Is this normal with Qubes? I only really look at the dmesg output when I have a problem. I have been having big problems with this workstation recently. I’ve been running this rig for almost a year with no issues, but in the last couple of weeks it has started to completely freeze up periodically, with each freeze ranging from a few seconds to what feels like an eternity but is probably still less than a minute. I suspected my GPU at first because at the time of the freezes I saw a lot of messages like Fence fallback timer expired in ring gfx
and Fence fallback timer expired on ring sdma0
. I replaced the video card with no improvement. What did eventually solve my issue is backing up my Qubes, secure erasing the NVMe drive, installing Qubes from scratch and restoring my Qubes. I completed that process this morning and so far so good (knock wood).

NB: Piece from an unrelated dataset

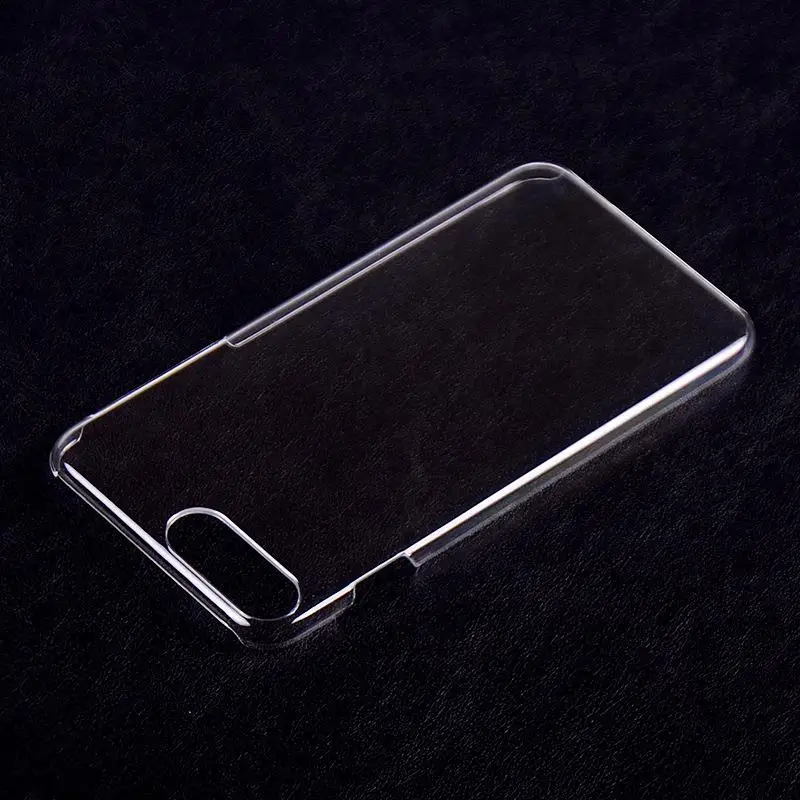 Ультратонкий жесткий пластиковый чехол для iPhone 7 прозрачная блестящая задняя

The reason I’m bringing up this problem is that it’s the reason I was looking at dmesg in the first place. I could not testify in court that I was seeing all of my CPUs even before I started having these problems.
I opened a text console while the Qubes installer was running and looked at the dmesg there. Interestingly, it also printed NUMA turned off
, although at that time it still listed all 88 “cores” (44 cores, 88 threads). After booting into Qubes, it was back to limiting me to 44 “cores” and one NUMA node.
Is there something intrinsic to Qubes / Xen that is doing this? I don’t think so because I had a Z820 workstation before this one that also supported NUMA. I ran that machine for years and if I wasn’t getting all of my cores I am pretty sure I would have noticed.